Shipwright is a new riverside theatre at the Master Shipwright's House in Deptford (a short walk from Deptford, New Cross and Greenwich stations). The venue launched last Summer with an eclectic alfresco festival of music, literature, comedy and cabaret in which audiences from across London enjoyed three weeks of live entertainment in the historic grounds of the house on the river Thames. The Autumn 2021 season featured sold-out productions Pains of Youth by Ferdinand Bruckner, Dealing with Clair by Martin Crimp, and the premiere of The Pied Piper, which returns for Spring 2022.

Joseph Winters, Artistic Director, introduces the new season:
"This is an exciting and unusual season: not quite rehearsed-readings, not quite staged productions, these new performances exist somewhere in between, where the boundaries separating creatives, actors and audiences start to come down.
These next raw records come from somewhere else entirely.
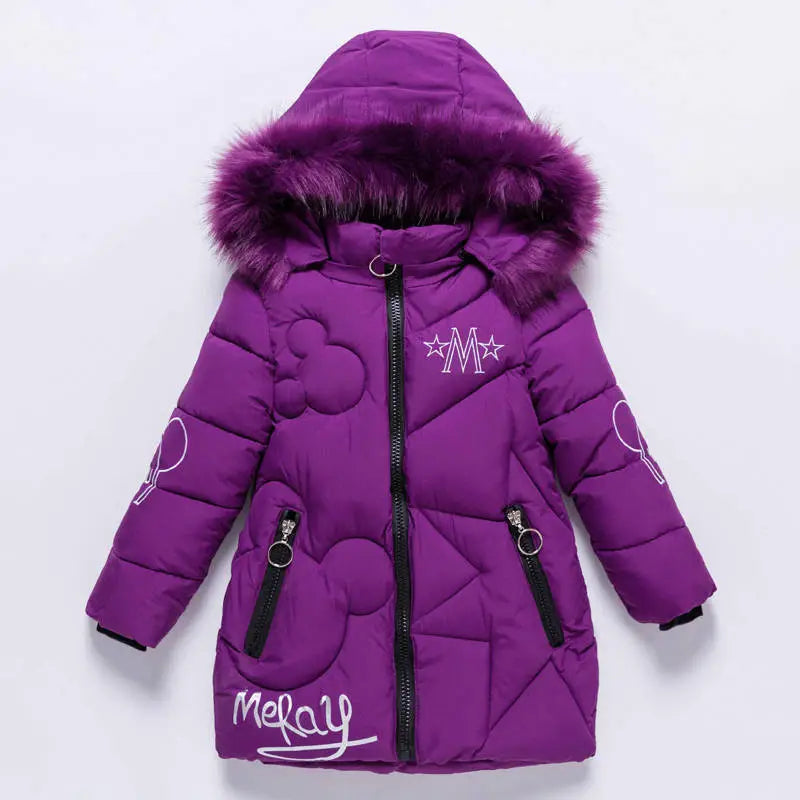 Kids Girls Winter Thick Hooded Parka Jackets childrensterritory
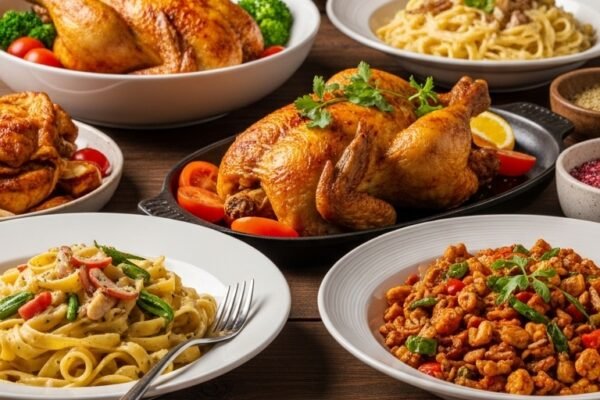 A beautifully styled spread of multiple delicious chicken dinner dishes including golden roasted chicken, creamy pasta, and spicy stir fry arranged on a rustic wooden dining table, showcasing 20 chicken dinner ideas that are easy, flavorful, and perfect for saving your sanity on busy weeknights.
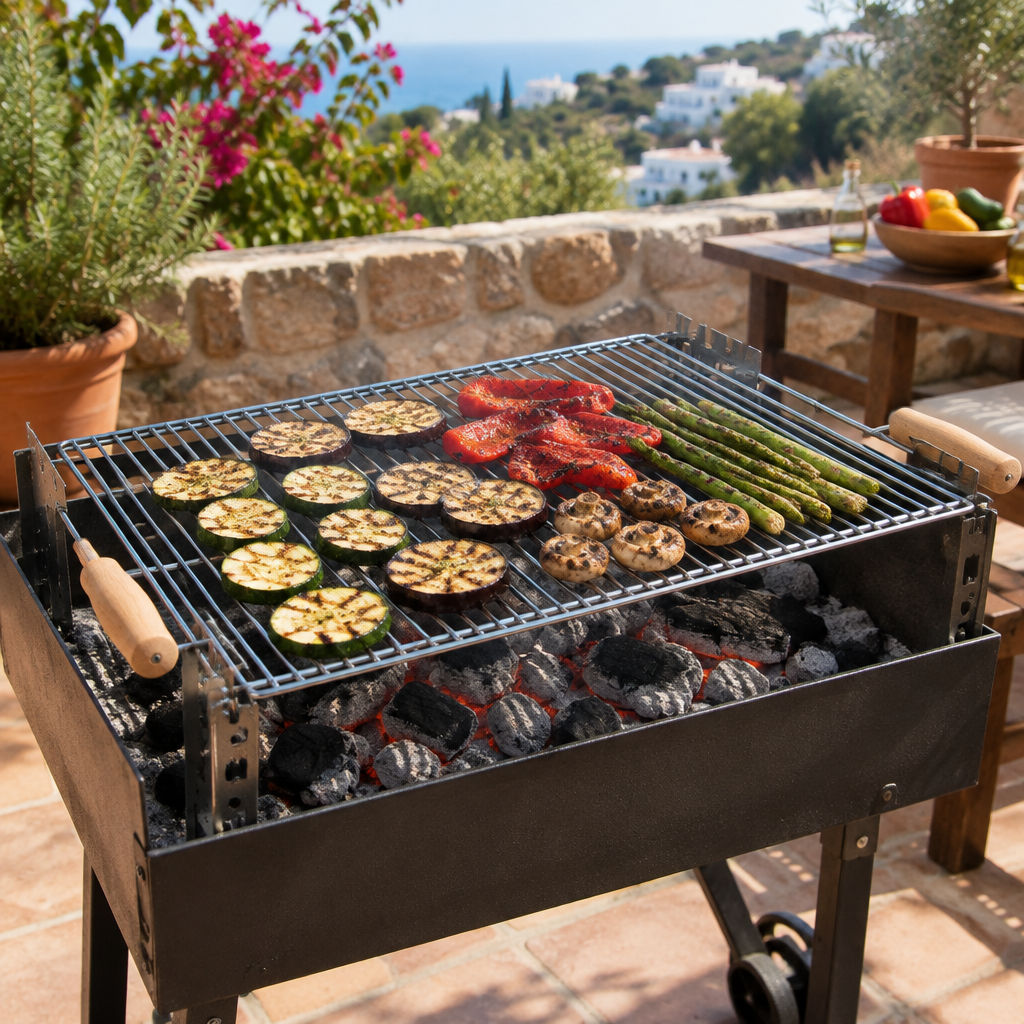 Escena ilustrativa de parrilla extensible en una barbacoa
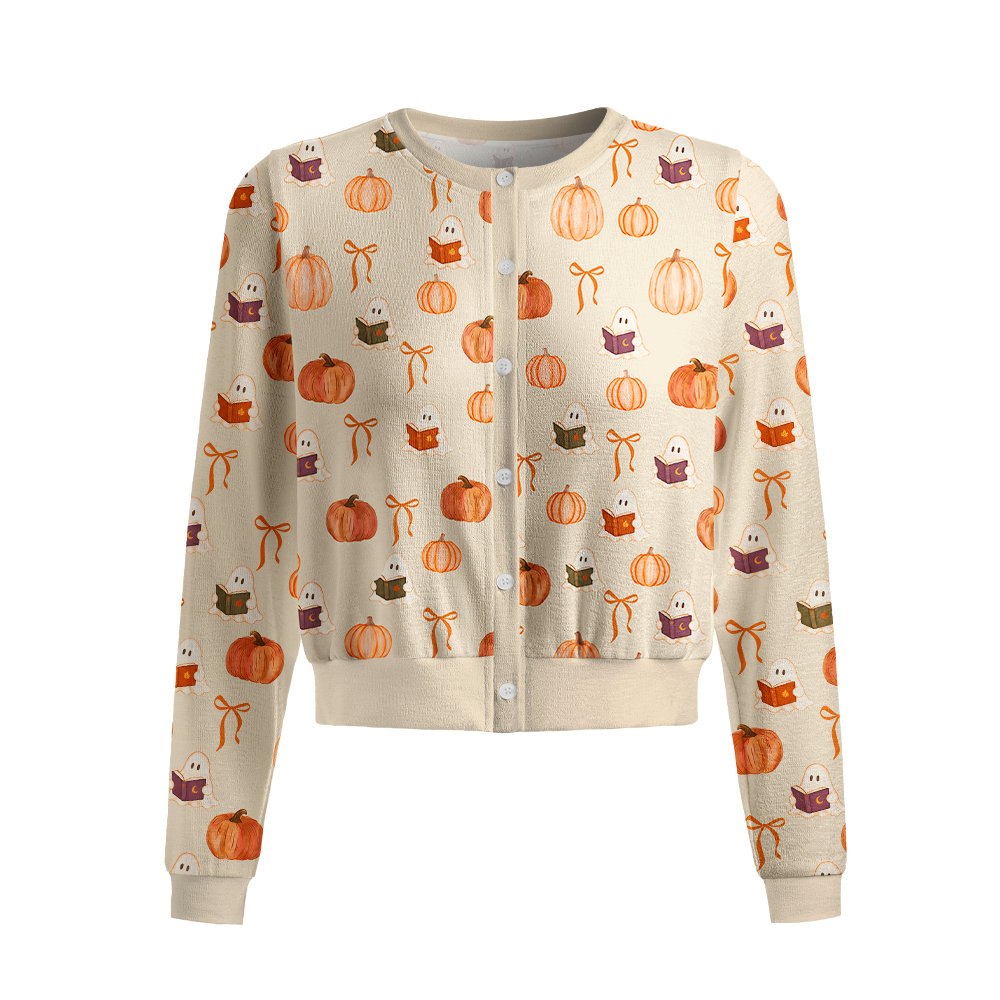 Pagewings Ghosts Love Reading Crew Neck Cardigan Sweaters
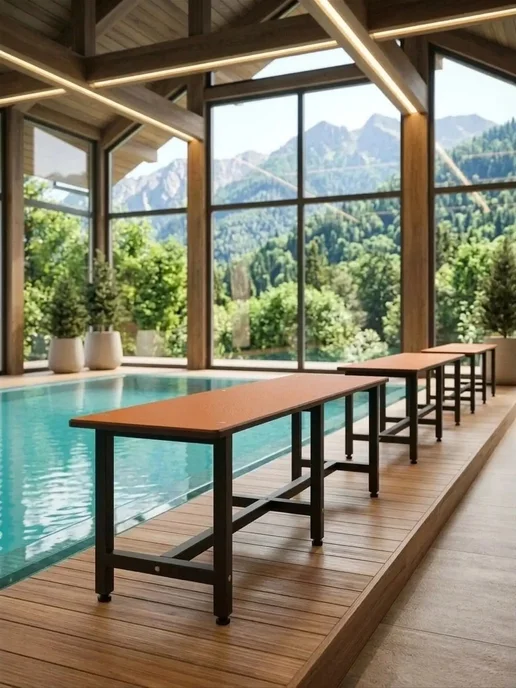 AquaLocker Скамья 109*39*44 см влагостойкая, из алюминия и пластика HPL, 109x39x44 см, фото 2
For guests that means an experience like no other: come and join these extraordinary artists up close as they explore the stories that matter to them most. It is always a joy to welcome audiences into the unique setting that is the Master Shipwright's House, and it feels particularly fitting for these readings: these are intimate and extraordinary works in an intimate and extraordinary space. At their heart these are all writers dreaming of freedom. By visiting them afresh, we are asking in different ways, and from different perspectives, what does it take to be free today?

Alongside all this new work, we're delighted to be bringing back our raucous new musical, 'The Pied Piper', originally our pantomime but coming back just as funny and just as relevant in March! After sold-out performances last year this is a great opportunity to share it with a wider audience, both in person, and then online from April.

And as ever, we want Shipwright to be a theatre for the people who live with and around us, so our Open Doors scheme continues to give away free tickets to our neighbours, made possible, in part, by the launch of our new Friends scheme."

The Spring season of readings begins on Sunday 6 March with The Waterfront Journals by David Wojnarowicz. This exhilarating adaptation is led by Alex Lawther and Ellie Kendrick alongside Hugh Wyld and Shipwright Artistic Director, Joseph Winters. A visceral testimony from one of the twentieth century's most pioneering queer artists, this promenade performance of monologues delves into the perilous landscape of homelessness. A percentage of all ticket-sales will be donated to Positive East, a local charity supporting people with HIV.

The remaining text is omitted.